Kerry Wood burst on to the national scene as a rookie for the Chicago Cubs in 1998.
Collectors were quick to jump on the bandwagon, figuring the 20-year-old phenom was destined for greatness.
However, Wood-mania went by the wayside in 1999. Wood missed the entire season after undergoing reconstructive surgery on his right elbow last April. There is reason for optimism as the 2000 season approaches. After a year of rehab, it looks like Wood will be ready to join the Cubs' starting rotation in June. If he shows even a glimpse of the form that made him the National League Rookie of the Year in 1998, collectors will again be scrambling for Wood cards and memorabilia. He wasn't even supposed to be in the big leagues when he made national headlines in May 1998.
Wood was the fourth player selected in the June 1995 draft. He spent three seasons in the minors, and was expected to play a fourth there, before injuries to other players necessitated his call to "The Show." In just his fifth major-league start, Wood made history by tying the single-game strikeout record with 20 Ks against the Houston Astros. The mark matched the record set by Roger Clemens, who did it in 1986 and 1996. Wood was practically unhittable, with the Astros' lone hit coming on a third-inning single off third baseman Kevin Orie's glove. Wood finished the season 13-6 with a 3.40 ERA and 233 strikeouts in 166 2/3 innings. Those numbers came despite the fact that he missed all of September with a strained elbow ligament. However, the injury foreshadowed the Cubs' worst nightmare the following spring.
After just one spring training start in 1999, Wood was diagnosed with a torn elbow ligament. The injury required surgery, which sidelined him for the entire year.

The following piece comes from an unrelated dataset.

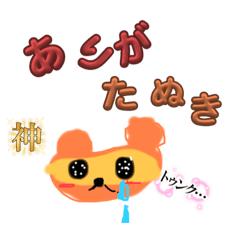 赤ちゃんたぬき作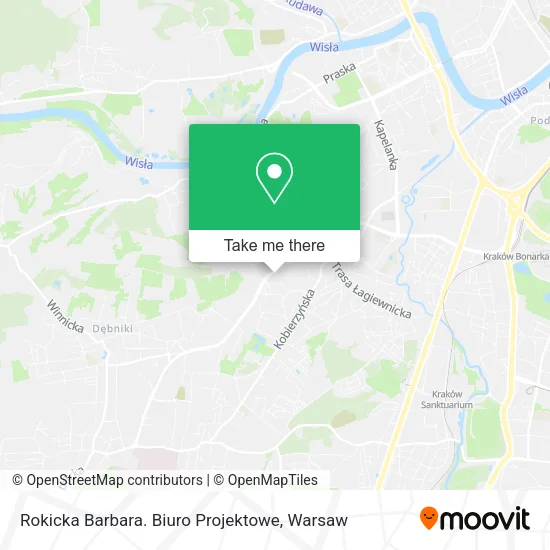 Карта Rokicka Barbara. Biuro Projektowe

But the 6-foot-5 Texan appears ready to put his injury troubles behind him. With a horde of national media in attendance, Wood went through his first formal throwing session in mid-February and put a smile on the face of new manager Don Baylor in the process. The hard-throwing right-hander threw only fastballs and changeups, but he showed the type of heat that caused hitters fits in his rookie season.
During the Cubs game against the Chicago White Sox last Saturday (March 18), Wood pitched with strong velocity. However, doctors have advised Wood to ease off the sliders and curveballs. Although Wood no longer will have the slurve in his repertoire because of the strain it put on his elbow, some believe Wood still expects to be snapping off curveballs with regularity in the future.
And though the Cubs are expected to proceed with extreme caution, it's certain that collectors are gearing up for Wood's return. Despite his absence from the diamond in 1999, Wood's cards still hold significant value. After all, he's only 22.
Wood's 1997 Bowman rookie in Gem Mint 10 books for $40 in the March 2000 issue of the Sportscard Market Report. His 1997 Topps Stars in the same condition is also valued at $40, while a Gem Mint 10 1997 Bowman Chrome rookie goes for $60. An autographed Wood photo lists for $40, while a single-signed Wood baseball goes for $50 and a bat is priced at $125. If Wood's comeback is anything like his rookie year, collectors will want to start getting their hands on his cards and memorabilia before those prices go up.